Bruxelles : le gouvernement tend enfin la main, les 450 sans-papiers suspendent leur grève de la faim

Des personnes en situation irrégulière occupaient l'église Saint-Jean-Baptiste-au-Béguinage, dans le centre de Bruxelles, pour demander leur régularisation, le 31 mai dernier. © Laurie Dieffembacq Des personnes en situation irrégulière occupaient l'église Saint-Jean-Baptiste-au-Béguinage, dans le centre de Bruxelles, pour demander leur régularisation, le 31 mai dernier.

Enfin une issue avant le drame ? La grève de la faim endurée depuis deux mois à Bruxelles par quelque 450 sans-papiers demandant un titre de séjour avec accès au marché du travail est «provisoirement suspendue», a annoncé mercredi leur comité de soutien, saluant «une main tendue» par le gouvernement.
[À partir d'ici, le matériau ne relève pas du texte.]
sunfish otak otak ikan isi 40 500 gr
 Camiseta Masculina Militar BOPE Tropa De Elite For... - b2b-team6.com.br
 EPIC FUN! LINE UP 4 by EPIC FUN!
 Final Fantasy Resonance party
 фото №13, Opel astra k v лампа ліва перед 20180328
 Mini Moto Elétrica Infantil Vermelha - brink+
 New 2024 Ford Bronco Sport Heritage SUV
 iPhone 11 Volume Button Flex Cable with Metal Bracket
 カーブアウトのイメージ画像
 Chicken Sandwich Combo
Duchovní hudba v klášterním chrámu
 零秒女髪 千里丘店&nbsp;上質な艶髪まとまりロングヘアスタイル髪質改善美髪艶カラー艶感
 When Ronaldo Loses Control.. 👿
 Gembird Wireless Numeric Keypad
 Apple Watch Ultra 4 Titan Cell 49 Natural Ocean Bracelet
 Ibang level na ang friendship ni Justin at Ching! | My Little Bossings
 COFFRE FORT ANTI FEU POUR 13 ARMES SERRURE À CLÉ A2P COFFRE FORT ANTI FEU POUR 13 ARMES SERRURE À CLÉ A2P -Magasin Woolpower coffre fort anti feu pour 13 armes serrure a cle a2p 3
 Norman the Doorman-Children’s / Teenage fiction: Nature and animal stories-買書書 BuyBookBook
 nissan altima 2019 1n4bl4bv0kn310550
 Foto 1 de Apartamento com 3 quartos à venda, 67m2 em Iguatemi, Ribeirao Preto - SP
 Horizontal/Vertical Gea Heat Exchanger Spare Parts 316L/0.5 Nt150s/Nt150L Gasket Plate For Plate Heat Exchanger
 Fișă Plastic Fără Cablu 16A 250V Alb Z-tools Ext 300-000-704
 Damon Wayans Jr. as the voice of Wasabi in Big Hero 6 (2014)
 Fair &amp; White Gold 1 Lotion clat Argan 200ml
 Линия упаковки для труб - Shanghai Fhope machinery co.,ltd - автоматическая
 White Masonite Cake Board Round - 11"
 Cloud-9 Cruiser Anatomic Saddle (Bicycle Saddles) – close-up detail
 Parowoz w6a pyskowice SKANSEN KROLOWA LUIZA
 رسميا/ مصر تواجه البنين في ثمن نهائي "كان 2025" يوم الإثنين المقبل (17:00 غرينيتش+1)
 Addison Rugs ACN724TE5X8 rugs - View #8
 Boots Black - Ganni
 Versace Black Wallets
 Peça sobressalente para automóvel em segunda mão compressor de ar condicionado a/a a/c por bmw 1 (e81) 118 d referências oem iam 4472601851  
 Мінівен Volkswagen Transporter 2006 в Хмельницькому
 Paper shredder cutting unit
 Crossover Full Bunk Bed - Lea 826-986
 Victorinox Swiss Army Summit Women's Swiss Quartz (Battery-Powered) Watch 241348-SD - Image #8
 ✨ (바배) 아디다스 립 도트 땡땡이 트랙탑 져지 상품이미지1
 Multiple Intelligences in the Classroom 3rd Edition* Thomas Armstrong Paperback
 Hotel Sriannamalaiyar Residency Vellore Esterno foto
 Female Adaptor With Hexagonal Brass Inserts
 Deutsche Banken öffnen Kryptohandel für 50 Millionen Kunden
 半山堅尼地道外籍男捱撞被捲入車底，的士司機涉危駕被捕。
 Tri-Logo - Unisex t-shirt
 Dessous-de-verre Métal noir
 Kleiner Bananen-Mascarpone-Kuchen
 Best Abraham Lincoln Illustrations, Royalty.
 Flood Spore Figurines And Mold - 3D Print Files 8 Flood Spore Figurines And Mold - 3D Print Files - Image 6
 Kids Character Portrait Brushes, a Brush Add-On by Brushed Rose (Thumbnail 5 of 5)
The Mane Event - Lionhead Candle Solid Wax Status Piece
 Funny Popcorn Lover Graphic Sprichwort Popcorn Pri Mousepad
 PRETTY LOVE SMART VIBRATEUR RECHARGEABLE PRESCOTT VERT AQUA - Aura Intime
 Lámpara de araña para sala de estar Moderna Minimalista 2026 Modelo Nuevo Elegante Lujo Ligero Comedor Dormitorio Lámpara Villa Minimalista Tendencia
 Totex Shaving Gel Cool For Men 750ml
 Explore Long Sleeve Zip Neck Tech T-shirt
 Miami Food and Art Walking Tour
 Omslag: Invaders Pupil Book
Il leur a été suggeré de faire valoir des «circonstances exceptionnelles» (ancrage long en Belgique, vulnérabilité, etc.) ou, pour un plus petit nombre, «la possibilité d’une protection internationale», explique le comité.

Le Premier ministre belge Alexander De Croo a réagi immédiatement en estimant que «mettre fin à la grève de la faim est la seule bonne décision». «Un gouvernement ne peut jamais accepter le chantage, a ajouté le dirigeant libéral flamand dans un communiqué distinct. Espérons que des dommages physiques permanents ont pu et pourront être évités.» De Croo a également jugé que «si des séquelles physiques subsistent, tous ceux qui ont encouragé les grévistes de la faim ces dernières semaines, leur ont donné de faux espoirs ou leur ont fourni des informations non objectives, en porteront la responsabilité».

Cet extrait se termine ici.